Where did Dwight and his contemporaries get their ideas about the Illuminati? The real Illuminati was founded by an angry Bavarian Jesuit named Adam Weishaupt. Weishaupt, professor of canon law at the famous University of Ingolstadt, was disillusioned with the Catholic Church in 1776. He believed that only a secret society could spread secular, rationalist ideas in a repressive, religious environment and founded a small group based on the Freemasons model, with which he hoped one day to found a new society based on a rational government without religious influence was based.

Weishaupt recruited young nobles for his new group and was looking for both rich and impressive acolytes. The group gradually expanded from a few dozen to several thousand. In 1784, Duke Charles Theodore of Bavaria banned all secret societies in the hope of specifically suppressing the Illuminati. Two years later, his police raided several high-profile members’ homes, seized heretical essays that defended atheism and suicide, promoted counterfeiting and abortions, drafted plans to involve women, and claimed that the Illuminati had power over life and death. Sunlight proved to be a strong disinfectant, and as soon as it was illuminated, the Illuminati dissolved.
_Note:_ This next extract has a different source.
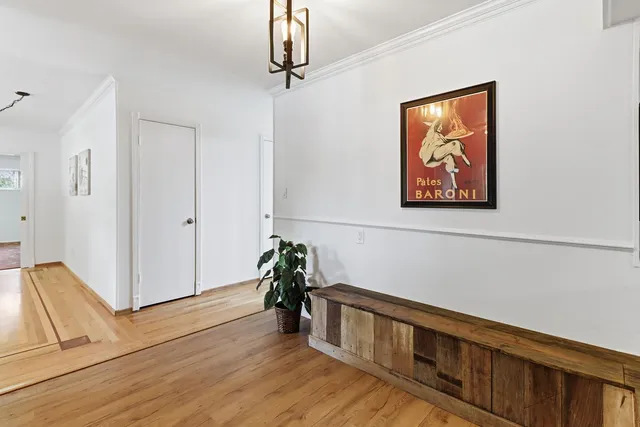 a hallway with wooden floor and windows
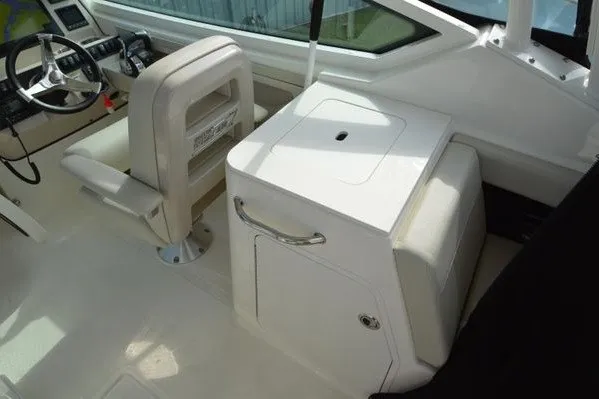Slide: The Image of 2022 Boston Whaler 280 Vantage boat interior with helm and seating area. - 24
Weishaupt’s organization might have been completely lost as a small footnote to history if it hadn’t been for a French priest named Augustin Barruel trying to understand in 1797 how his country had gone from an apparently stable Catholic monarchy to a violent atheist regime, such a short one Time. How had the ideas of philosophers such as Voltaire and Jean-Jacques Rousseau, who had long bawled against the excesses of the monarchy and the church, so successfully undermined the old order? Barruel concluded that they had relied on a secret Illuminati network that ignorant Freemasons used to spread their unholy message.

Barruel’s conspiracy theory assumed that the entire French Revolution was not a history of exuberant democracy that fell into an unpredictable chaos, but a carefully coordinated plan by philosophers who had long populated the French countryside with subversive agents, a function of what Barruel did Freemasonry called “Illumination”: the union of Masonic secret and secular revolution.

Although the Bavarian Illuminati were dead in the mid-1780s, Barruel’s insinuation gave their new life. The whispering of these dangerous atheists found its way to England with the publication of John Robison’s 1797 brochure. Evidence of a conspiracy against all religions and governments in Europe, which was carried out in the secret assemblies of Freemasons, Illuminati and reading societies. Robison was a Freemason himself and feared that the irreligious Illuminati would have gained control of the Masonic organization and perverted it. They were now working to “exterminate all religious institutions and overthrow all existing European governments”.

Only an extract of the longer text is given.